People think about R&D and the investments in terms of the direct costs that it takes to develop a drug program. So, if it’s a billion dollars to develop drugs, someone might say, “Well, you know there should be a 4x return on that.” You hear that talk in Washington.
Unfortunately, that’s not how investment decisions get made, and some of you have been on the other side of the table. I’ve been on the other side of the table.
People think about making investment decisions based on what the cost of the capital is, and the cost of the capital to develop a drug isn’t just the direct cost. It’s the time cost of capital. It’s also the risk-adjusted cost of capital. So, you always need to adjust for the risk, and so you know in the market place where someone is weighing whether or not to invest in the next biotech innovation or invest in the next Twitter, it would be a real shame if more and more the capital went towards the next Twitter and away from the next biotech innovation.

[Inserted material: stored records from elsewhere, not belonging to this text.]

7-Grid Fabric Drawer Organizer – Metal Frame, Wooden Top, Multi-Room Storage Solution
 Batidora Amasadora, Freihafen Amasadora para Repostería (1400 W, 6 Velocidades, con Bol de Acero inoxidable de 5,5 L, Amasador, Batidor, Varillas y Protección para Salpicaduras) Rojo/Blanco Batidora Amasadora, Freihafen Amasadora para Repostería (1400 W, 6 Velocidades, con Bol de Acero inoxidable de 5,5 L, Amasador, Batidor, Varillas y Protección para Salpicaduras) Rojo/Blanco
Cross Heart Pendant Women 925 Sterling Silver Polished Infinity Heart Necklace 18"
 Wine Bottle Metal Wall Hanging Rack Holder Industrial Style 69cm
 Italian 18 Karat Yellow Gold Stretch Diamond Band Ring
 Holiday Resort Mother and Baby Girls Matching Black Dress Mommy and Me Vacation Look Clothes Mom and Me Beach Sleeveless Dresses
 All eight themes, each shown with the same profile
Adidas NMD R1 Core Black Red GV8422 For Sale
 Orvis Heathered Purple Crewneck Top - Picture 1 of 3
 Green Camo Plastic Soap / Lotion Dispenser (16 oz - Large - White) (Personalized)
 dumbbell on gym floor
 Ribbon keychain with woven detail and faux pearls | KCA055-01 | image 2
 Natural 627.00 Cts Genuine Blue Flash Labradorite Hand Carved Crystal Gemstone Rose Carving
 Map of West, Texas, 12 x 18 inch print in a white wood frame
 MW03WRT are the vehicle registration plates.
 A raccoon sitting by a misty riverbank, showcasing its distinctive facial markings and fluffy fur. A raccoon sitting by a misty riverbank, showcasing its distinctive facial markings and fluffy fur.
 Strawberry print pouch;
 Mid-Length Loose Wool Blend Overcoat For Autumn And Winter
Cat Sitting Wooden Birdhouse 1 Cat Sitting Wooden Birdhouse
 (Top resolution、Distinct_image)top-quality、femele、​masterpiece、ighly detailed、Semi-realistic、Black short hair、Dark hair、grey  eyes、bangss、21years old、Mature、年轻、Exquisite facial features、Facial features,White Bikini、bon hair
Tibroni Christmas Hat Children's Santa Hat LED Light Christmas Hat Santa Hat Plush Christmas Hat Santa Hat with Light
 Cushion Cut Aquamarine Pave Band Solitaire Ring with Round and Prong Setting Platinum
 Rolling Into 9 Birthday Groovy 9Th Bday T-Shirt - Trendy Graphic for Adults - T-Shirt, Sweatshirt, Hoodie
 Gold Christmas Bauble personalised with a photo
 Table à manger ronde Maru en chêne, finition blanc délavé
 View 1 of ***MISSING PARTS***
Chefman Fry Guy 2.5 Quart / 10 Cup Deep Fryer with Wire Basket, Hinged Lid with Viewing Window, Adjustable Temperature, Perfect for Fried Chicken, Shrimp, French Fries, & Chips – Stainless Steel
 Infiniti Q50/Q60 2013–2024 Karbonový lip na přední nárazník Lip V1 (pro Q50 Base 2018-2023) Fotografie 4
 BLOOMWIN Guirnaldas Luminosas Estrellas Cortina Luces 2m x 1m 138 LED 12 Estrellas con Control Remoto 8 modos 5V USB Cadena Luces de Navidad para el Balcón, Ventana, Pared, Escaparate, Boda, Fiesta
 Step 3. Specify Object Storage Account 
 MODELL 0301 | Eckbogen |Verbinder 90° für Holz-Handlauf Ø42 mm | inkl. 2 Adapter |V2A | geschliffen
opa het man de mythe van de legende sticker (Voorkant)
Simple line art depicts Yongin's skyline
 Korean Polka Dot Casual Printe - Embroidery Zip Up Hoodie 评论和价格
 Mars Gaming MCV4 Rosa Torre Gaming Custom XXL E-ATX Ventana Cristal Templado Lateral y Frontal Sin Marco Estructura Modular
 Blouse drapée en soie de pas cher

I think we need to think about these things, think about them in terms of how we modernize the process scientifically to make it more efficient, hopefully to make it low-cost and to also bring more applications. Because right now if the costs continue to go up at the rate that they are for developing products, we’re just going to see fewer innovations as a consequence. And I think that that would be ultimately, obviously, bad for patients. Some things may not get done at all, and you may see less competition in product categories.
We had CVS come in to the agency to talk to us about their experience in the marketplace recently. We’re talking to a lot of payers right now to help us think through drug pricing issues, and also think through our response to the opioid crisis. They made a point that when they see the second or third drug in a category come to the market, they see tremendous price competition, price reductions, even in excess of what they experienced in the European market where there are price controls.
So, we want to see that innovation come to the market, because it provides useful differentiation to patients but it also provides all kinds of savings that ultimately leads to greater access. So, we’re thinking about all these things.
You may hear me more and more talking about stuff we are doing on the new drug along with the stuff we are doing on generic drugs. I want to put it in the right context, so folks understand, this is ultimately about patient access and new innovations pertaining to patients, but it also is about trying to make sure we continue staying on a sustainable course and continue to see treatments that are going to ultimately benefit patients.